Our intern fought in Fallujah: one Marine’s story
Editor’s note: As always at the beginning of a college semester, we have a new crop of interns, and this year it seems like we got pretty lucky. (Hey Shannon! Hey Fred!) Today, Fred came in and mentioned that he had some feelings about the fact that Fallujah was just retaken by al-Qaida because, well, in fact he fought there in 2004-5.
We are proud to have such capable hands on staff. Here’s Fred’s story.
I spent every major holiday in Iraq at least once when I was a young Marine, so it’s natural that I ponder the war during those times of year. The winter holidays especially stick out in my mind, since I was a rifleman in Fallujah through late 2004 and early 2005.

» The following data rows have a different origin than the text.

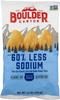 Boulder Canyon Kettle Cooked Potato Chips, Non-GMO Verified, Gluten Free, 60% Less Sodium, 6.5 Ounce (Pack of 12) view 1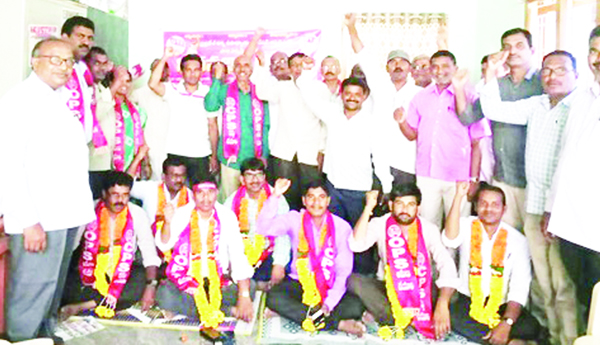 రిలే నిరాహార దీక్షలు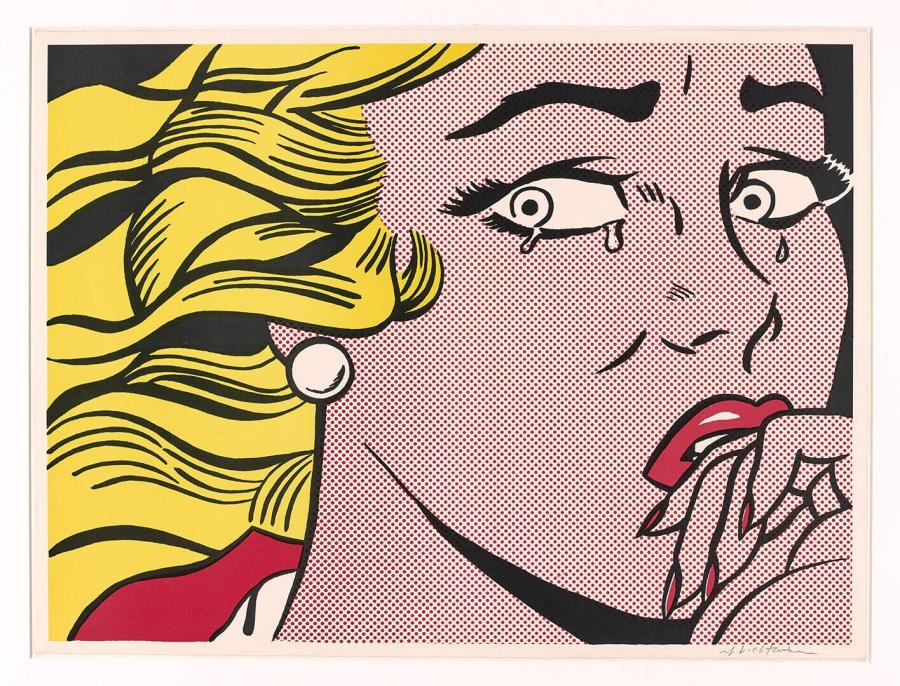 Crying Girl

I thought about Fallujah a lot this past New Year’s, not least because al-Qaida-linked militants seized the city earlier this month in what could be called “spillover violence” from Syria.
But I remembered standing post in a rooftop bunker one night in early January. It had only been 2005 for a couple days, and the city was eerily quiet for months after our kill-crazy assault that past fall.

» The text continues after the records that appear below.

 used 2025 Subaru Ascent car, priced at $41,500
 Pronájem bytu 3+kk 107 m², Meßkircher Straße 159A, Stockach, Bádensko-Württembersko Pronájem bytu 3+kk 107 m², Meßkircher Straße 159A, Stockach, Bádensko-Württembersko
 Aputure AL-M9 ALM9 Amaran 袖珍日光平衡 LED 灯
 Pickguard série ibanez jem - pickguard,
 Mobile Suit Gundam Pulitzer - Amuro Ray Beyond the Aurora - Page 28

I was posted with an Iraqi soldier who chain-smoked like a cokehead, and I made him stand on the opposite side of the roof, lest a sniper accidentally brain me while aiming for the red glow of his cherry.
Then gunfire erupted a few blocks away. An orgasm of cracking rifle reports and orange tracers lit up the night, and I got on the radio to report what was going on. Nobody at the command post could tell me what was up. We didn’t have any Marines out there.

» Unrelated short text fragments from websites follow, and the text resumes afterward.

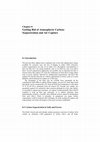 Research paper thumbnail of Ch 8 Getting Rid of Atmospheric Carbon: Sequestration and Air Capture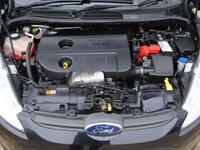 USED 2010 60 FORD FIESTA 1.4 ZETEC TDCI 5d 69 BHP www.suffolkcarcentre.co.uk - Located at Ilketshall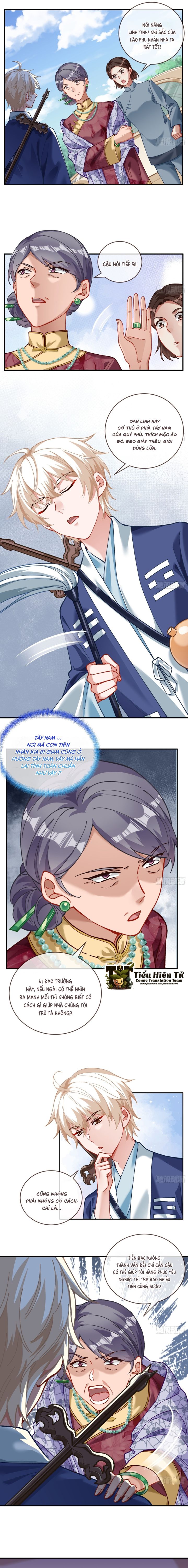 Vạn Tra Triêu Hoàng Chapter 683 - Trang 2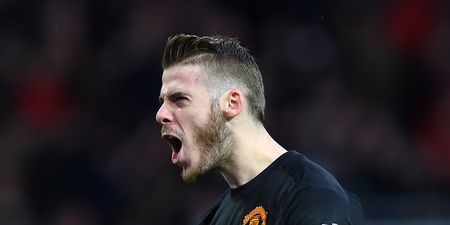 Manchester United might be keeping De Gea for longer as Real and Atletico given transfer bans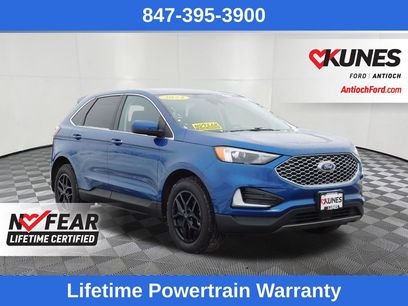 Used 2024 Ford Edge SEL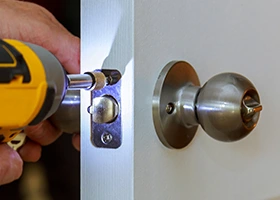 Door Lock Replacement in Home Gardens, California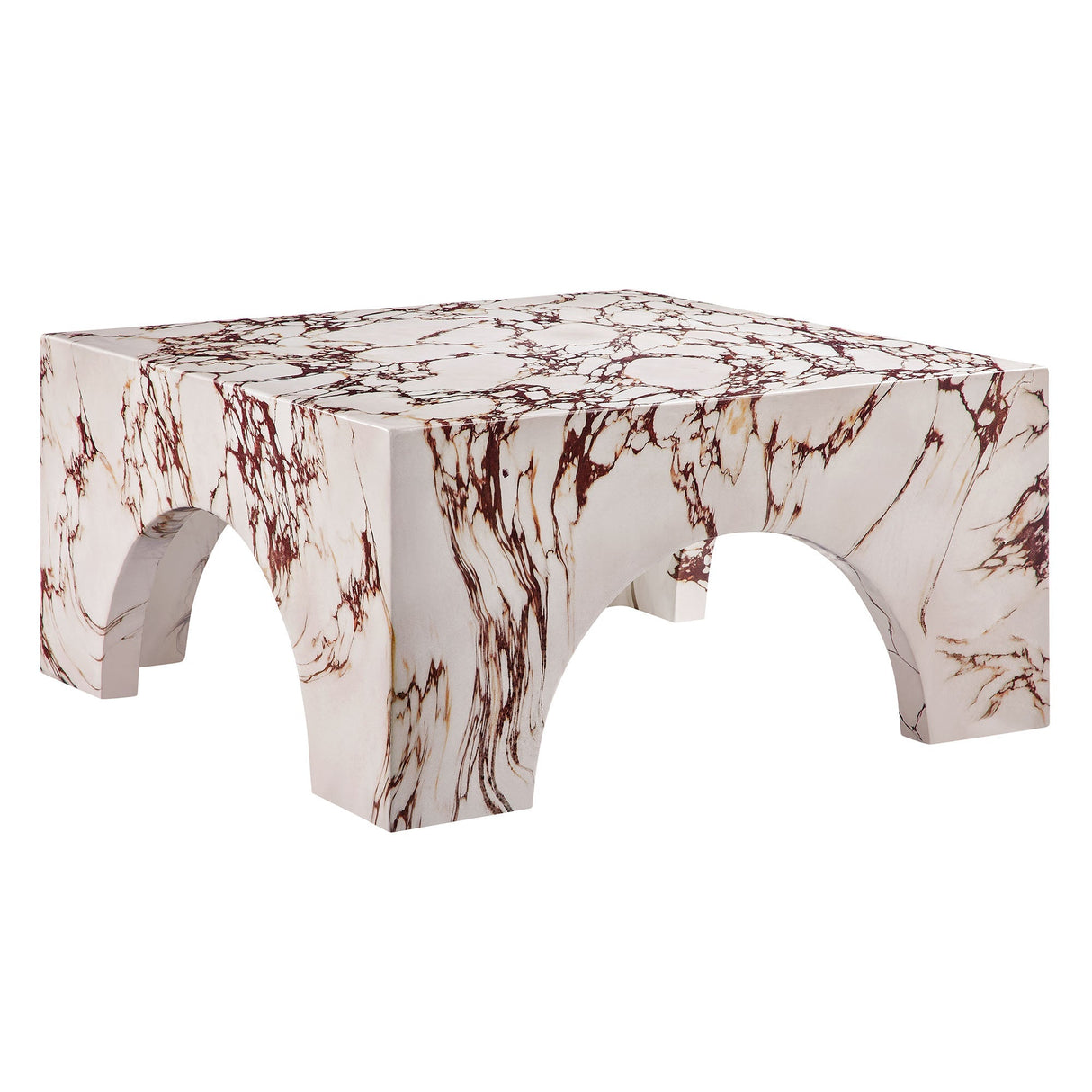 Arched Coffee Table Valen (Indoor/Outdoor) - OROA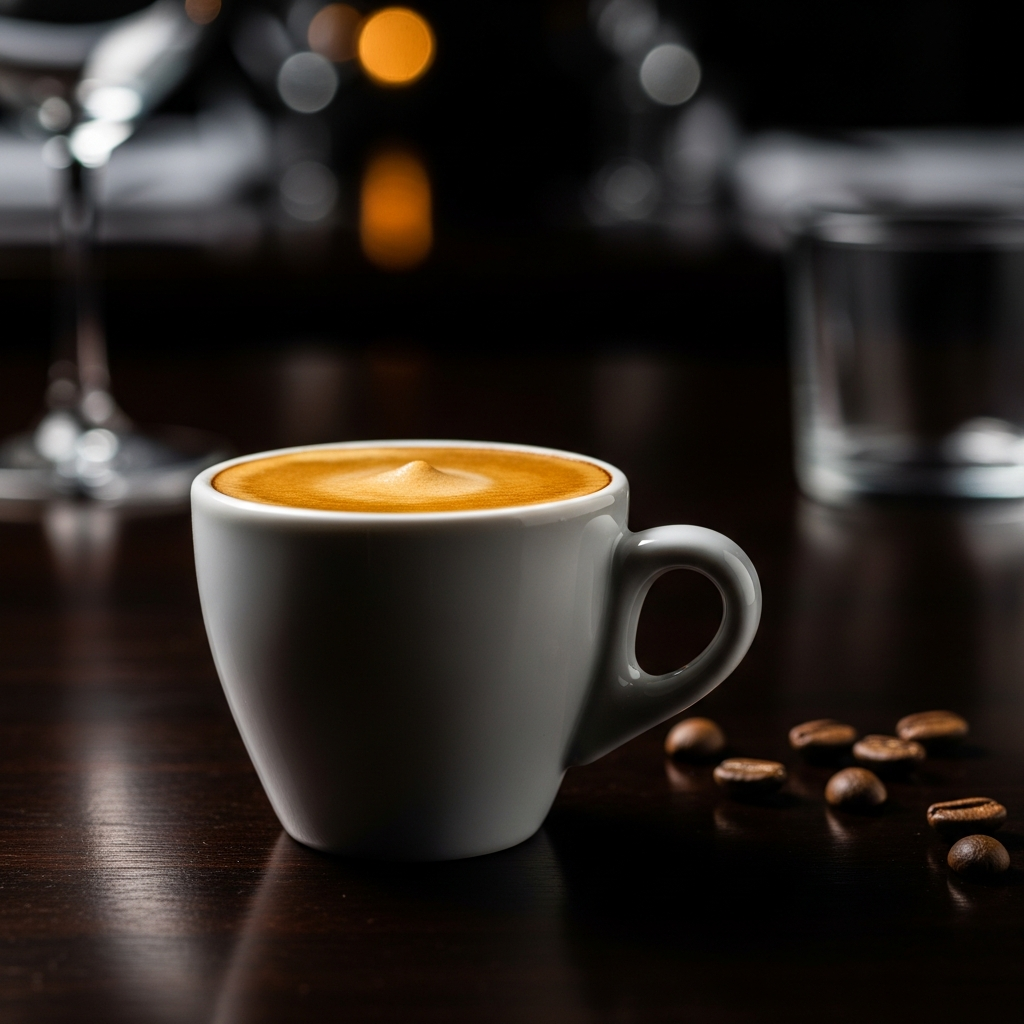 Rich Double Espresso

I found myself pretty satisfied about having fireworks for the New Year. Tracers ricocheted into the sky for the rest of my post.
When my relief showed up, I asked what happened, and he said that it was Iraqi soldiers and cops. They nervously bumped into one another out there on their respective patrols, and apparently they had no radio communications or coordination with one another. So they slugged it out by accident – for an hour and a half.
That was nine years ago, but I still think about that episode of friendly fire whenever I see bottle rockets or Roman candles shooting off on Independence Day or New Year’s Eve. Fireworks represent battle, and vice-versa.
For me, it was much more than a light show; it illustrated the harsh task in front of Iraqi forces once professional Western armies left for good. That challenge has now reared its head to reveal a mouthful of jagged teeth.
Even though al-Qaida militants are once again landlords in the City of Mosques, I’m not stuck in “What did I fight for?” despair like a lot of my war buddies on Facebook. I realized the futility of the entire war years back.
When we consider the situation in Fallujah today, we shouldn’t point fingers as Americans usually do. War has always been fluid, random and ruthless, and there’s not a damned thing anyone can do about changes in the weather, least of all Americans who said goodbye to that senseless conflict in 2011.
Make no mistake – the Iraqi army will eventually retake Fallujah. Let’s just hope there aren’t too many accidental firework shows in the process.